Concerning a-syn analysis, tumor (PDAC) and extra-tumor (extra-PDAC) samples from 20 patients affected by PDAC following pancreatic resections were collected. All patients were affected by moderately or poorly differentiated PDAC. The amount of a-syn was compared between tumor and extra-tumor specimen (sampled from non-affected neighboring pancreatic areas) by using in situ immuno-staining with peroxidase anti-a-syn immunohistochemistry, a-syn detection by using Western blotting and electron microscopy by using a-syn-conjugated immuno-gold particles. All the methods consistently indicate that each PDAC sample possesses higher amount of a-syn compared with extra-PDAC tissue. Moreover, the expression of a-syn was much higher in those PDAC samples from tumors with perineural infiltration compared with tumors without perineural infiltration. In fact, as measured by Western blotting, α-syn was higher in PDAC (2.1 ± 0.4 OD) compared with extra-PDAC areas (1.0 ± 0.3 OD, P=0.014). A significant difference between PDAC samples concerning the expression of a-syn was measured when comparing patients with or without perineural infiltration (2.64 ± 0.55 OD and 0.47 ± 0.12 OD, respectively P=0.035). Immuno-gold electron microscopy indicates higher α-syn particles in PDAC cells compared with cells from extra PDAC areas (107±6.1 and 18±4, respectively, P<0.00001).
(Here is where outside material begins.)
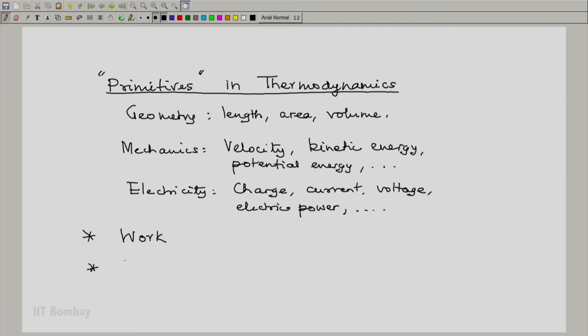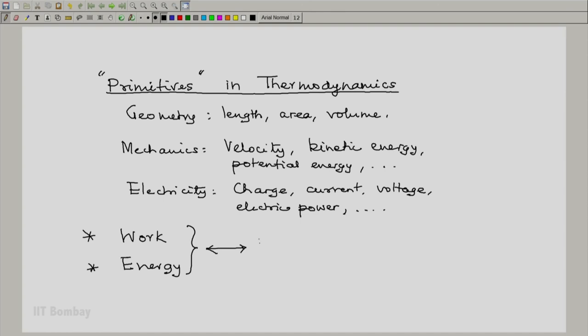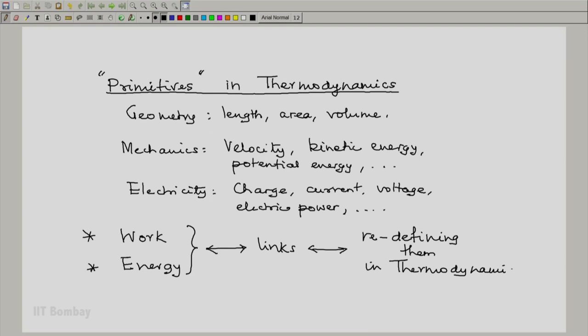There are two ideas which lie on the borderlines of primitives and concepts of thermodynamics: work and energy. Both are defined in other branches of physics — work in mechanics, fluid mechanics, electricity and magnetism; energy in almost all branches. These two form the links between other branches of physics and thermodynamics, and we will be redefining them in thermodynamics, ensuring we are not disturbing their characteristics as discussed in other branches of physics.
Our results show that PrPc is markedly over-expressed in PDAC tissues compared with control, and that PrPc over-expression selectively occurs within ductal cells. Over-expression of PrPc overlaps with that of the staminal marker CD155 and this could be related to the role of PrPc in enhancing the emergence of the hallmarks of cancer in PDAC cells, promoting their aggressiveness. These data provide a step forward in the comprehension of PDAC biology. In fact, PrPc is likely to represent PDAC a marker of disease severity. The evidence of a peculiar nuclear compartmentalization of this protein in the cellular nuclei of PDAC cells is in line with in vitro data from literature showing over-expression of PRNP gene in PDAC cells, and suggests the presence of some, still unknown, molecular pathways triggered by PrPc in the nuclear compartment. This extends the influence of PrPc beyond its role as cell-membrane glycoprotein. Finally, PrPc expression seems to be associated with a greater risk of relapse after radical surgery and in shifting the cancer towards a phenotype with a higher chemo-resistance.
As for PrPc, our results indicate that also α-syn is markedly over-expressed within cells of PDAC tissues compared with extra-PDAC controls. The over-expression of α-syn significantly occurs in the presence of perineural invasion as assessed at pathological staging; this could be related to the role of α-syn in enhancing the emergence of a more aggressive behavior of cancer in PDAC cells, promoting their aggressiveness and neurotropism.
These data provide a step forward in the comprehension of PDAC biology, confirming that PrPc and α-syn are likely to represent markers of disease severity and determinant of PDAC biology and are a novelty in literature, as far as we know. Further studies are needed to validate these results and to investigate the molecular mechanism of PrPc and α-syn in PDAC pathogenesis and their potential clinical application.